# Hello, any one in Arizona?



## teda (Jun 17, 2010)

Hello, any one in Arizona? What is the difference for PE-civil and PE-structural in Arizona? I am looking at a 5 story building job and wondering whether a PE-structural license will be required or not in Arizona. Many thanks!


----------



## WoodSlinger (Jun 18, 2010)

teda said:


> Hello, any one in Arizona? What is the difference for PE-civil and PE-structural in Arizona? I am looking at a 5 story building job and wondering whether a PE-structural license will be required or not in Arizona. Many thanks!

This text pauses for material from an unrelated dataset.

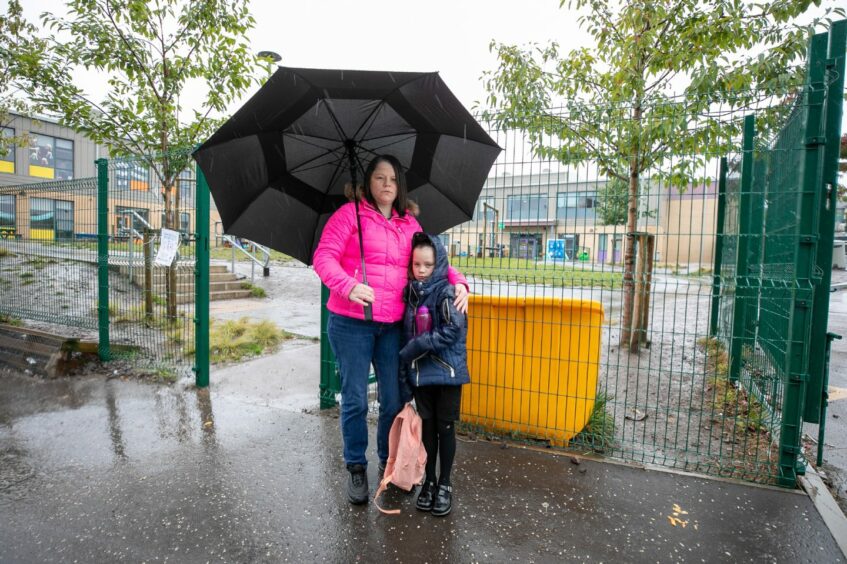 Lizzie McDaid with her other daughter, Blossom Hill, 8.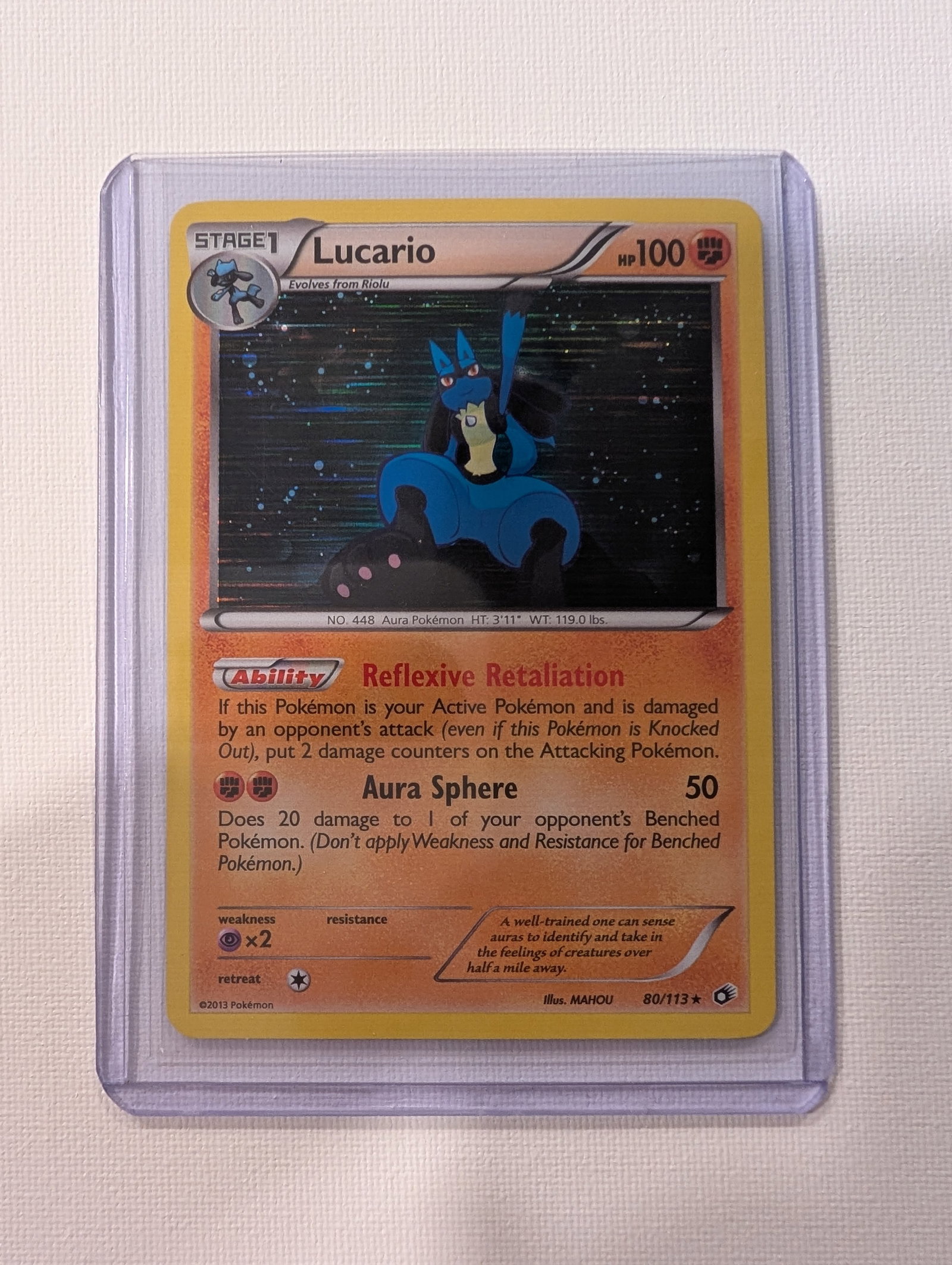 VERY RARE 2013 Pokemon Lucario 80 113 Legendary Treasures Holo: This lot is a VERY RARE Lucario Holo card numbered 80 113 from the 2013 Legendary Treasures set. The card is in English and features the Reflexive Retaliation ability and the Aura Sphere attack.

I'm not in Arizona, but I'm sure the requirment is based on use, occupancy. The type of building determines which engineer is required. What is the building use?


----------



## teda (Jun 18, 2010)

WoodSlinger, thanks for the message, however I reviewed their Board website and did not see the project limitations for PE-civil. I do have SE in Nevada and think I can get PE-structural in Arizona without new exam. But I do not want to pay extra fee for it unless necessary since I am already PE-civil in Arizona. Where did you see the requirements are based on use, occupancy?



WoodSlinger said:


> teda said:
> 
> 
> > Hello, any one in Arizona? What is the difference for PE-civil and PE-structural in Arizona? I am looking at a 5 story building job and wondering whether a PE-structural license will be required or not in Arizona. Many thanks!
> ...


----------



## WoodSlinger (Jun 18, 2010)

teda said:


> WoodSlinger, thanks for the message, however I reviewed their Board website and did not see the project limitations for PE-civil. I do have SE in Nevada and think I can get PE-structural in Arizona without new exam. But I do not want to pay extra fee for it unless necessary since I am already PE-civil in Arizona. Where did you see the requirements are based on use, occupancy?
> 
> 
> 
> ...


It's more of an assumption based upon my understanding of the requirements in California. Arizona must have some definition of the requirement in their statutes, etc. For example, Nebraska has a seperate structural designation, but they state in their statutes that a civil pe can seal structural documents if that is their area of expertise and the client does not object.

I'm afraid I'm not a lot of help here for you.


----------



## teda (Jun 18, 2010)

Per my research so far, there is no project limitation between PE-civil and PE-structural in Arizona. It is just title……


----------